### What is being asked
In the listing below, locate the lines that hold the string "Design". Copy those lines.
>>
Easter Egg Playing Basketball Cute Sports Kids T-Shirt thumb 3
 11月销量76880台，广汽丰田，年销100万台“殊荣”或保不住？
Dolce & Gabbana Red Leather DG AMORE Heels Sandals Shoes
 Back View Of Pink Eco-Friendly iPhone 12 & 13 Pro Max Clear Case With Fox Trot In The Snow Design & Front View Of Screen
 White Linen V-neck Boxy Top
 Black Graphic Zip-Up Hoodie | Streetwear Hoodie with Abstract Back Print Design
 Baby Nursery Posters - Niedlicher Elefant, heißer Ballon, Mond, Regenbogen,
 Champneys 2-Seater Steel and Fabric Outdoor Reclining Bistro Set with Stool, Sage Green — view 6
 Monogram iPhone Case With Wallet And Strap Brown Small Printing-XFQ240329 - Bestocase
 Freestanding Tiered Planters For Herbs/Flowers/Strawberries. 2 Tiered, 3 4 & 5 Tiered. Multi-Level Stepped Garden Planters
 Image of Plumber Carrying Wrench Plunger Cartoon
<<
### Solution for this task
 Back View Of Pink Eco-Friendly iPhone 12 & 13 Pro Max Clear Case With Fox Trot In The Snow Design & Front View Of Screen
 Black Graphic Zip-Up Hoodie | Streetwear Hoodie with Abstract Back Print Design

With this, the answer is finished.